Amazon Athena has the following key benefits:

  • Query data directly on S3 and other sources – Amazon Athena enables data engineers, data analysts, and data scientists to execute SQL queries against data stored in relational, nonrelational, and custom data sources. Before November 2019, Athena was primarily used to query data from S3 (an object store); however, with the announcement of Athena Federated Query (amzn.to/2YtsR3u), Amazon Athena can now be used to query multiple data sources using built-in and custom connectors.

  • Serverless – Amazon Athena is serverless, and hence you don’t have to manage any infrastructure. You don’t need to manage configuration, software updates, failures, or infrastructure scalability. Users can focus on the core business problems rather than the infrastructure required.

  • Highly performant – Amazon Athena provides superior performance by accessing the data in a parallel fashion.

  • Pay-as-you-go model – Amazon Athena has a simple pay-as-you-go model where you are charged per query, and it offers best practices to reduce the cost of the query by using optimal file formats, compression and partitioning of data.

Amazon Athena uses Apache Presto for SQL queries and Apache Hive for DDL functionality behind the scenes.

Apache Presto

Apache Presto is an open-source distributed SQL query engine optimized for low latency and ad hoc analysis of the data. It originated at Facebook due to the growing needs of their data analytics team and was later open sourced. Apache Presto can be used to query multiple terabytes to petabytes of data and provides an extensible architecture. It is optimized for low-latency interactive querying and provides cross-platform querying capability rather than just SQL on a single non-relational store. Apache Presto has a master-slave architecture (similar to Hadoop and some MPP databases), where the coordinator acts as the master of the cluster and the workers are slaves. The figure shows the Apache Presto architecture.

Apache Presto architecture

Presto

The key components in the architecture are as follows:

  • Coordinator – The brains of a Presto cluster. Clients connect to the coordinator to submit their queries. The coordinator has three major subcomponents:

    • Parser – Responsible for parsing the queries coming from the client and parses the query to identify any syntax issues
    • Planner – Responsible for optimizing the plan for running the work across the workers. It uses rule-based and cost-based optimization techniques.
    • Scheduler – The component that tracks the worker nodes’ activities and the actual execution of the query
  • Worker – The component responsible for scheduling tasks on the worker nodes. Worker nodes are the actual workhorses of a Presto installation. They are able to connect to the data sources using the connectors. The coordinator is responsible to fetch results from worker nodes and return them to the client.

  • Connectors – Being a distributed query engine, Presto provides various connectors that make it easy to connect to different data sources. It has a number of built-in connectors for common data sources like Hive, Kafka, MySQL, MongoDB, Redshift, Elasticsearch, SQL Server, Redis, and Cassandra, including many others. However, you also have the ability to develop custom connectors.

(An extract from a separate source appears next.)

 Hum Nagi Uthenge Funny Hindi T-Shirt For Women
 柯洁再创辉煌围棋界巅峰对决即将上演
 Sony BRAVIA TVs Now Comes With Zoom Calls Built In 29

Presto provides superior performance due to the following reasons:

  • Data is piped across many workers in a massively parallel processing (MPP) fashion in multiple stages and data is streamed across multiple stages.
  • Multi-threaded execution makes the processing across multiple workers faster.
  • Presto uses flat-memory data structures, which minimize garbage collection and optimize processing.
  • Presto provides optimized readers for commonly used columnar formats like Parquet and ORC.
  • Presto uses fast query optimization techniques.

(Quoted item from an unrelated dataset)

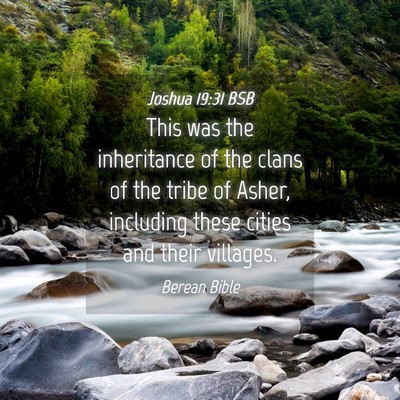 Picture 04 - Joshua 19:31 BSB - This was the inheritance of the clans of the - Bible Verse Picture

While using Athena, you are abstracted from the underlying details of Apache Presto. However, it is generally a good idea to know the underlying architecture. Furthermore, Apache Presto is also a project available with Amazon EMR, and hence understanding the background and when to use plain-vanilla Apache Presto versus when to use Amazon Athena, a serverless alternative, is important from an architectural standpoint.

Apache Hive

Amazon Athena uses Apache Hive for data definition language (DDL) functionality behind the scenes. Apache Hive was a project built by Jeff Hammerbacher’s team at Facebook, with the intent of providing a framework for data warehousing on top of Apache Hadoop. Facebook was working on large-scale problems around social networks and association graphs, and the bulk of the data was stored on Hadoop Distributed File System (HDFS). Since the primary processing framework on Hadoop was MapReduce, which required extensive Java skills and thinking of problems in terms of key/value pairs, it became difficult to analyze the data for analysts who were more comfortable with the SQL skillset. Hive framework was created for the analysts to continue writing SQL but have the framework transform the SQL into a MapReduce paradigm. SQL as a language is ideal for set processing and is well known in the industry, which made Hadoop as a project become more popular and much widely used. Hive supports Hive-QL (a SQL-like language) and allows you to run the SQL in either a MapReduce or Apache Tez paradigm. Hive supports primitive types like integers, floating-point numbers, and string, data, time, and binary types in addition to complex types like structs, maps (Key/Value tuples), and arrays (indexable lists). Apache Hive supports multiple data formats like Apache Parquet and Apache ORC and partitioning of data for optimal process.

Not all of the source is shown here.